Jackie wasn’t sure how she knew, since she had never even kissed a boy, but there was no mistaking it. She looked at Megan and saw that her sister had figured it out, too.
“Gross!” Megan said.
“Sssh,” Jackie told her, and led them both back to Jackie’s room. They crawled back into bed together, and in a matter of moments Megan had fallen back asleep. Jackie lay awake for a while longer and smiled for the first time in that long, miserable day. If her parents were still able to make love, maybe her father’s illness wasn’t as bad as it seemed. Maybe everything would be okay.
***
Glio—the name by which the high-grade glioblastoma tumor now thought of itself—didn’t know what was happening, but it was lighting up Jared’s brain like a football stadium at night.Glio really, really, really liked it. He stopped to watch.
It was the first time Glio thought of itself in the masculine. “I am he,” it said, or he said, to no one in particular. Or would have said had he been able to form words or even make sounds.
The show ended in one ginormous explosion of color and light, then faded like the evening sky on the most perfect night. Glio sat in wonder for a moment before returning to the work at hand, picking off his host’s memories one by one—the sheriff’s badge Jared got for his third birthday, a big dog biting him on the cheek when he was six, running away from his family at an amusement park when he was ten because his cousin was teasing him about his fear of roller coasters. Buoyed by the light show, Glio’s hunger intensified. It was a feast to end all feasts.

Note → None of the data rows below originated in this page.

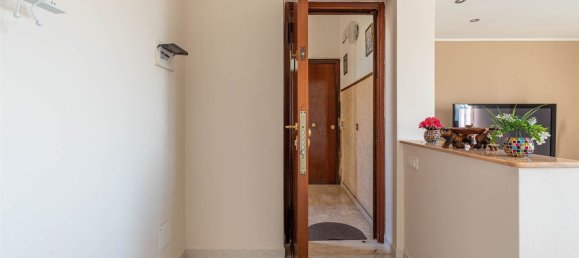 3 rooms Apartment in Palermo, Italy No. 77674 8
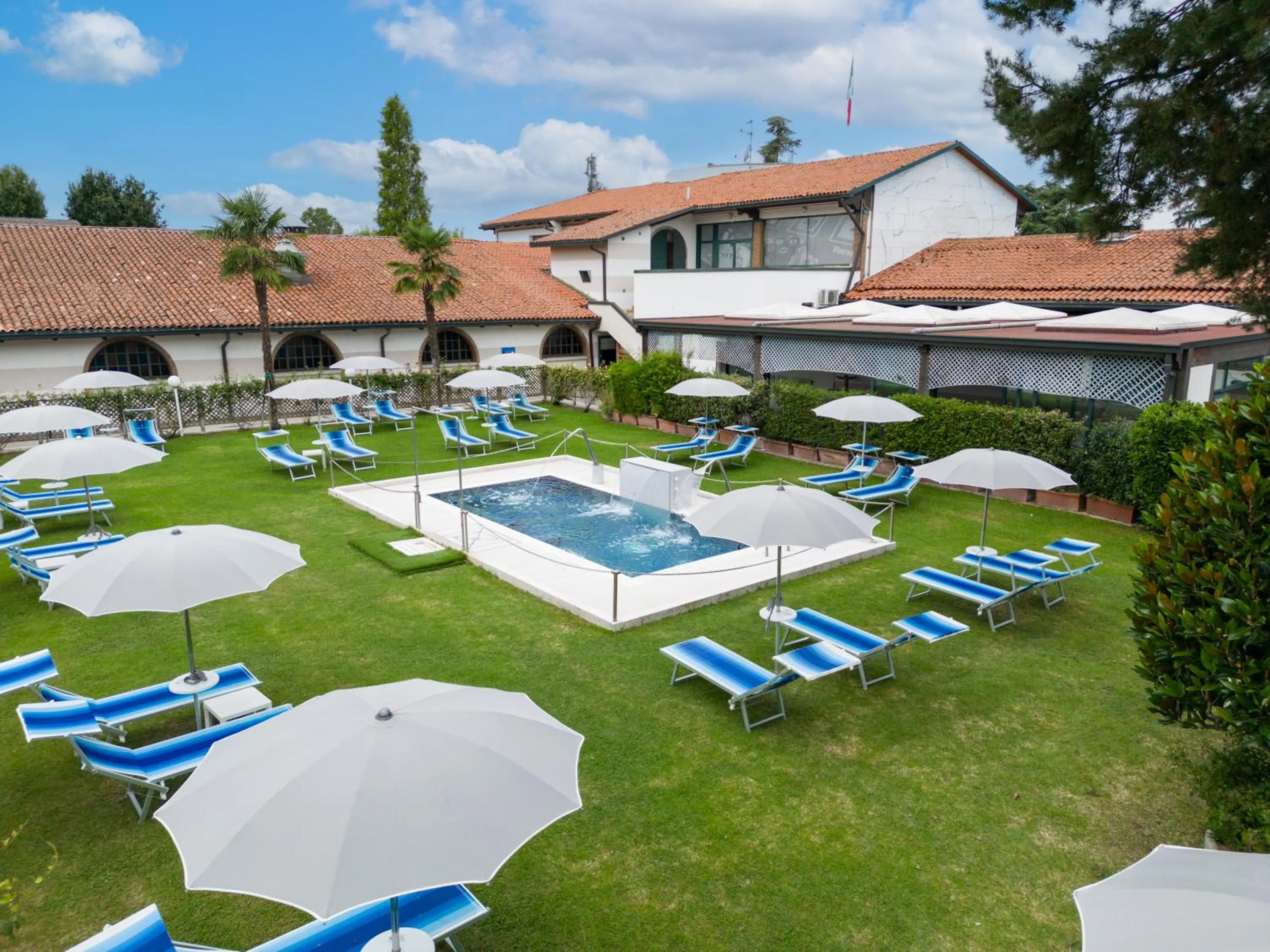 Swimming pool in Best Western Plus Hotel Modena Resort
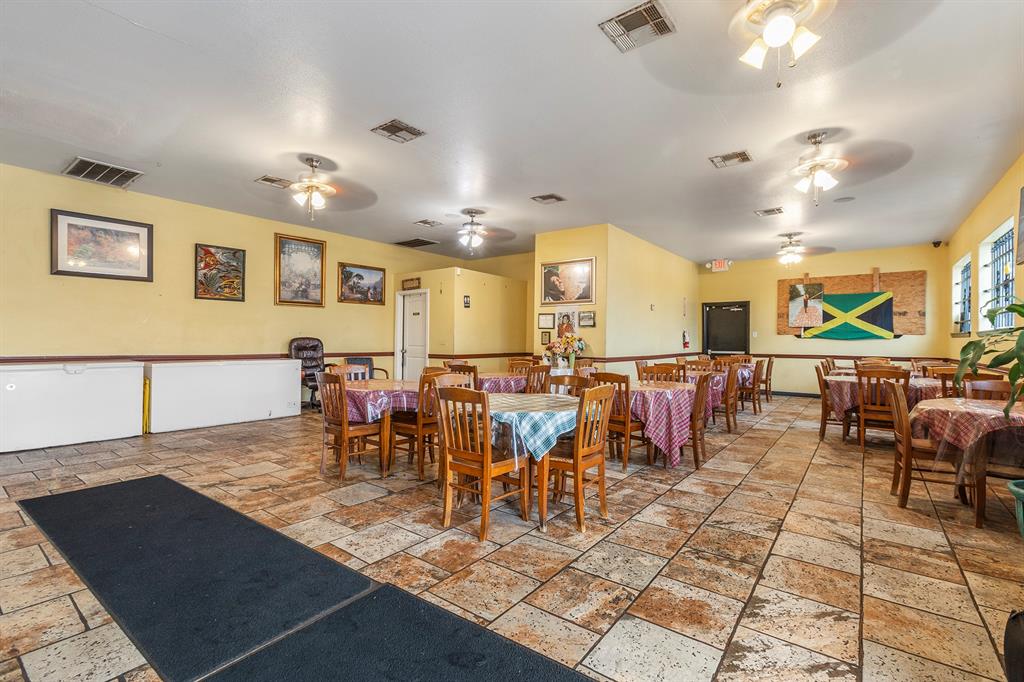 Elaines Kitchen - Commercial Sale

The pièce de résistance was Jared’s first real kiss. He was thirteen years old, on vacation with his parents at some long-forgotten resort in the Berkshires. The girl’s lips were covered in a fruity gloss that surprised Glio, just as it had surprised Jared. He expected them to be moist with saliva, not sticky with raspberry. He could feel the gloss adhere to his own lips, or Glio’s idea of lips, holding him in place, making the kiss last. The girl’s name was lost to Jared in the ebb of time, but Glio found it. Gail.
He could see her face: a wide mouth, eyes so rich in color they were almost lavender, and a button nose. Glio had no way of knowing that the memory had been enhanced by Jared’s brain. But it didn’t matter. It was like manna from heaven.
After the kiss was over, the memory consumed, Glio drifted off into the hypothalamus and, like his host, fell asleep.
***
Hazel Huck’s shoulders sagged as she stared at her computer screen.
“A million dollars,” she said aloud to her empty bedroom.
From the very beginning, Hazel’s plan had been to raise money to purchase Jared on eBay and then return him to his family, to allow him to die with dignity, comfort, and cash. She had succeeded in getting pledges totaling $15,000 from her online gaming friends. She had called in every favor—sold every piece of handcrafted virtual jewelry, hired her level sixty-five druid out for future quests, and sold every ingot of gold in her war chest for pennies on the dollar. It was a remarkable feat for a seventeen-year-old girl.
And then it went viral.
All of a sudden, Warcraft characters Hazel had never met were wearing “Save Jared” T-shirts over their chain mail and leather armor. There were player vs. player melees in which the losing party would agree to donate X dollars to the cause.